[Captioned web image data]
------------------------------------------------------------------------
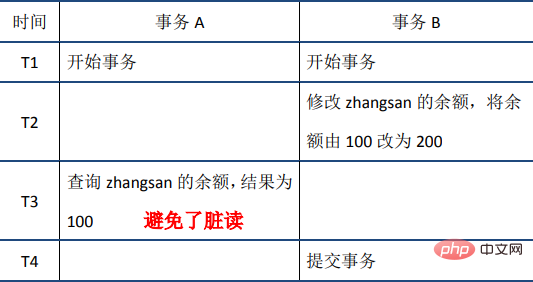 MySQL事務之ACID特性的實現原理的詳細介紹（圖文）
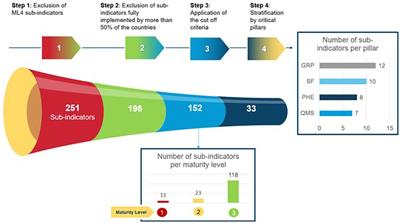 Identifying and costing common gaps in Central and West Africa pharmaceutical regulation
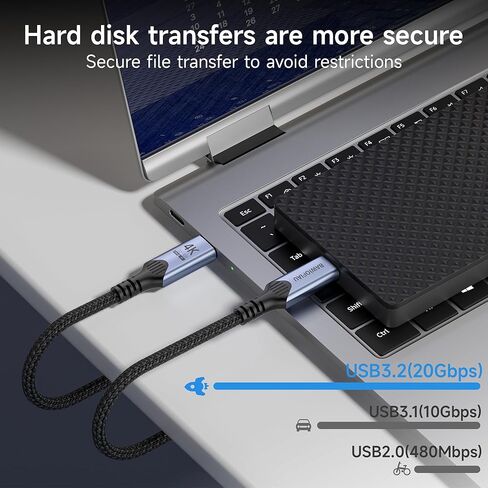كابلات USB c قصيرة 2 حزمة 2 قدم، شحن سريع من النوع C 100 وات، كابل بيانات usbc 20 جيجابت في الثانية، USB 3.2 عالي السرعة الجيل 2x2، فيديو 4K@60 هرتز، متوافق مع الشاشة/العرض Thunderbolt 4/3 in Kuwait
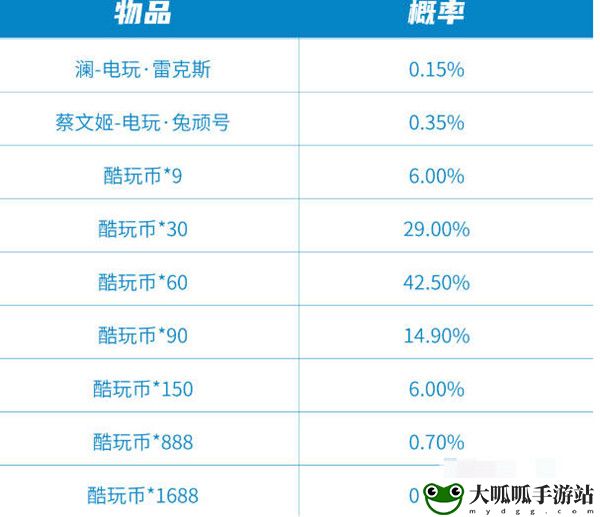 极速酷玩秘宝保底价格一览：副本速通全步骤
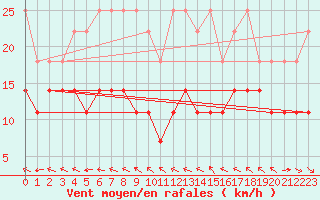 Courbe de la force du vent pour Hohenpeissenberg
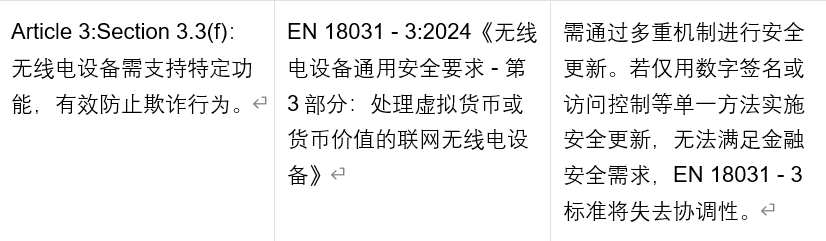 歐盟無線電設備新規(guī)解讀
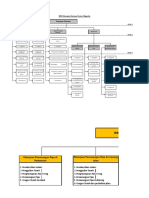 246364054-Contoh-WBS-Pekerjaan-Drinase-Cluster-Magnolia-xlsx.pdf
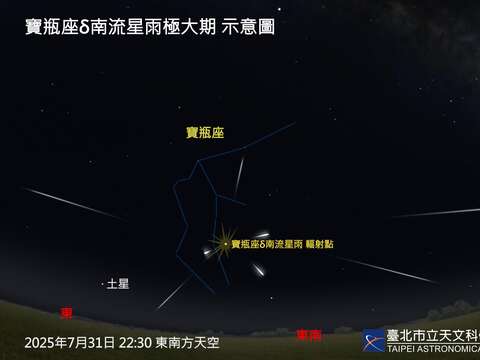 7月31日為寶瓶座δ南流星雨極大期。(圖片來源:臺北市立天文科學教育館)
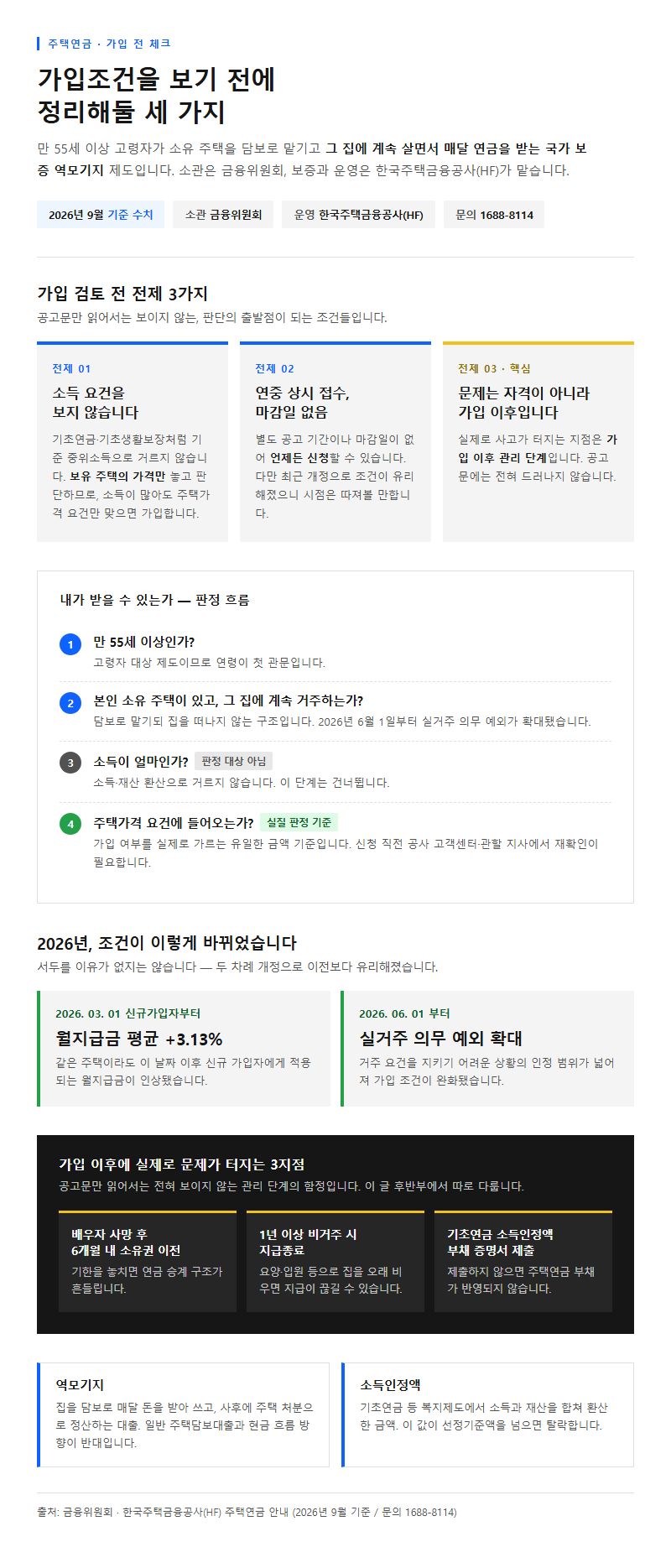 주택연금 가입조건 시작 전 확인할 것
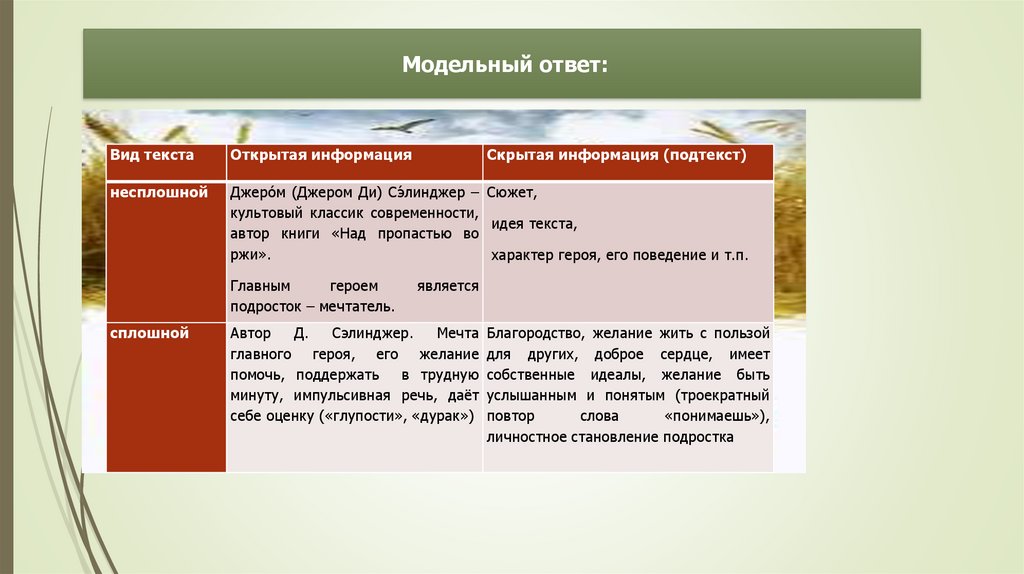 Модельный ответ:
------------------------------------------------------------------------
• [WHAT THE TASK REQUIRES]:
Reproduce verbatim every line starting at the line that holds "7月31日為寶瓶座δ南流星雨極大期。(圖片來源:臺北市立天文科學教育館)" and ending with the final line of the data; omit the pictures.

• [OUTPUT FOR THIS TASK]:
 7月31日為寶瓶座δ南流星雨極大期。(圖片來源:臺北市立天文科學教育館)
 주택연금 가입조건 시작 전 확인할 것
 Модельный ответ:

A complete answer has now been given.